Wiebke Warneck, Senior Legal Advisor of the European Trade Union Confederation (ETUC), welcomed the Commission proposal as an important step towards the further implementation of the “European Pillar of Social Rights”. In particular, she regarded the planned extension of the scope of the directive to atypical and precarious employees important, as well as the deletion of the two-month deadline to submit the (minimum) information requirements by employers as progress. However, Warneck identified a significant need for improvement in respect of minimum labour law standards: For example, so-called zero-hour contracts had to be banned throughout the EU. She also recognised a need for improvement with regard to the liability issue concerning jobs in the platform economy. With regard to working hours, the establishment of a non-regression clause should help to prevent any deterioration. Warneck appealed to the policy makers to finalise the Directive as soon as possible; definitely before the end of the legislative period in May 2019.
In contrast, the present representatives of Business Europe and the Austrian Federal Economic Chamber regarded the proposal as going too far. Nils Trampe (Business Europe) criticised the lack of practical relevance: for example, the cancellation of the two-month information period after taking up a job would contradict the usual procedure to renegotiate contracts during the first working weeks. The Directive would predominantly concern European skilled workers, which is why the migration or outsourcing by companies with a high need for skilled workers might be on the cards.
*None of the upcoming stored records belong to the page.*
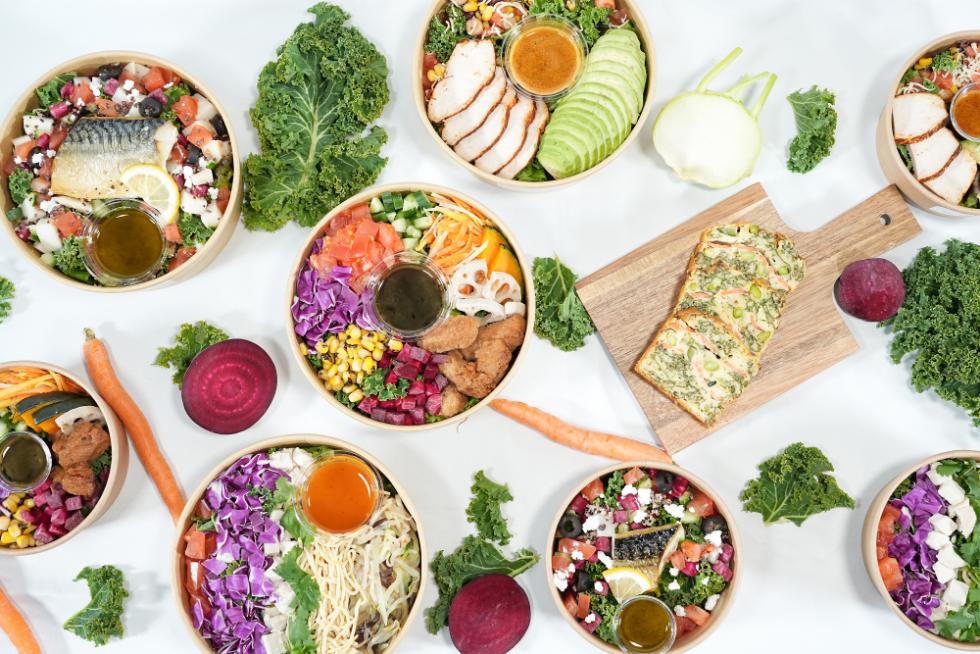 Various western vegetable based salad bowls Delicatessen items from GONNA DAYS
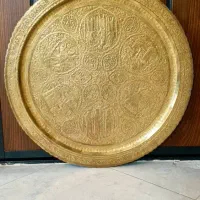 سینی برنجی قدیمی قلم کاری کلکسیونی قطر ۷۸ سانت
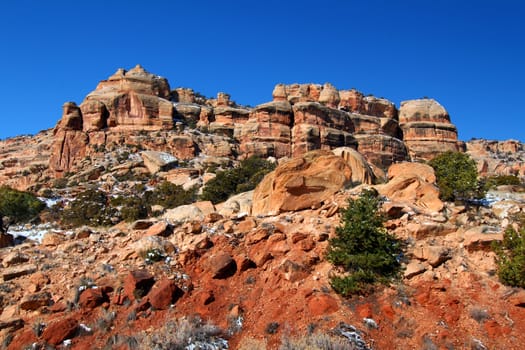 Rugged rocky scenery of Colorado National Monument on a winter day.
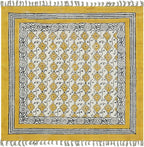 Area Rug 4' Square Rug Yellow & Beige Cotton Dhurrie Oriental Thick 0.19 inches Stone Easy Washable Rug Hand Wash Cotton Carpet Flatweave Rug Indoor Outdoor Rugs for Kitchen, Bedside, Enterway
Rudolf Gleißner of the Austrian Federal Economic Chamber (WKÖ) recognised serious legal deficiencies in the Directive proposal: the provided for wide definition of worker at EU level would mean a massive intervention in national law, with inestimable consequences; for example, in the case when national and supranational definitions of worker “collide”.
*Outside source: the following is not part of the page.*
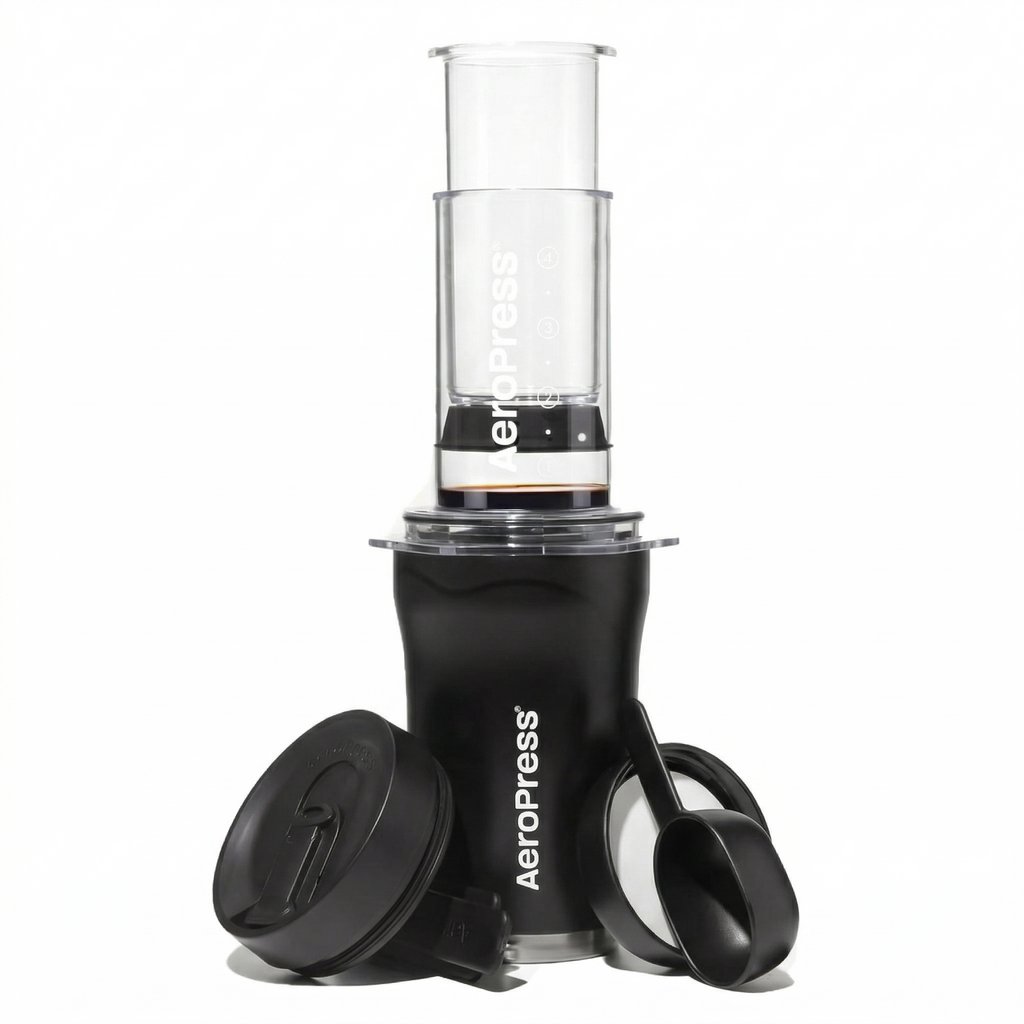 AeroPress Go Plus, Small Portable Coffee Maker Kit, Travel, Camping & Office, All-in-One French Press, Pour-Over & Espresso Style Manual Brewer, 2 Min Brew for Less Bitterness, More Flavor, Black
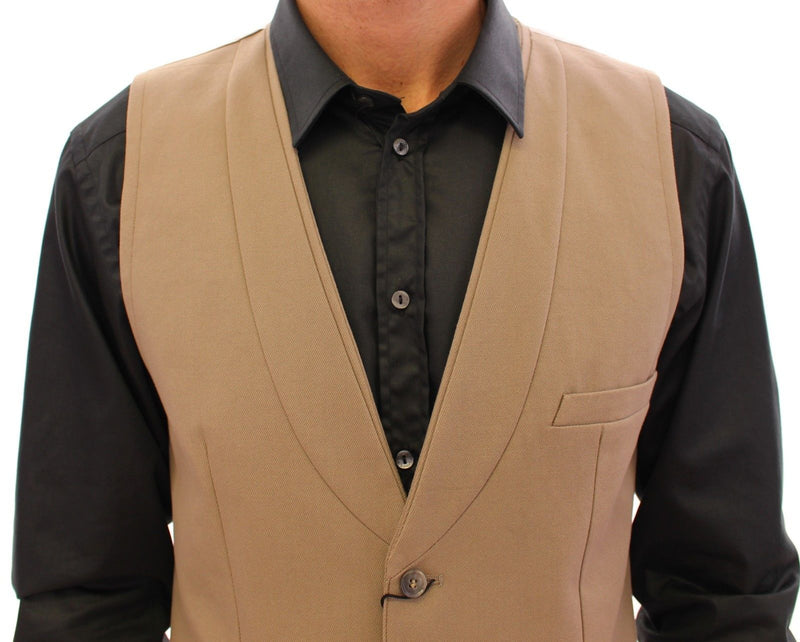 Beige Cotton Slim Fit Button Front Dress Vest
On the part of MEPs - within the framework of the hearing - a majority of the speakers came out in favour of resharpening the Commission proposal. Agnes Jongerius (S&D) for example - looking at the criticism by the economic side - pointed out that the wide definition of the term worker in the Directive proposal would already be in accordance with the current jurisprudence of the European Court of Justice (ECJ). Thomas Mann (EPP) demanded - within the meaning of the Pillar of Social Rights - to create a European “minimum corridor” for working conditions. He regarded dismissal protection as the most important point of the Directive. However, Enrique Calvet Chambon, EP rapporteur and member of the ALDE faction, also emphasised the difficulties in writing the EP opinion on the Directive, as there – in his point of view – there was a broad spectrum of positions.
Position of the Chamber of Labour
Just like the European Trade Union Confederation, the Chamber of Labour also welcomes the expansion of information requirements, the definition or worker, which also covers jobs, which so far have not been included in the Written Statement Directive, fewer exceptions from the scope of application as well as improved legal enforcement mechanisms.
Nevertheless from AK's point of view, the provided for level of protection for employees is overall not ambitious enough. For example, a maximum duration of a probationary period of six months is far too high. The minimum standard for free further training only refers to employers in respect of the obligatory sector of further training. And an entitlement to receive a reply to the request of another form of employment can hardly be regarded as a strong social right. In addition, the regulations for the minimum planning capability of work in its current form would restrict the admissibility of work on call - including so-called zero-hour contracts; however, it would implicitly legitimise these at European level. What is really needed is a general EU-wide ban of work on demand.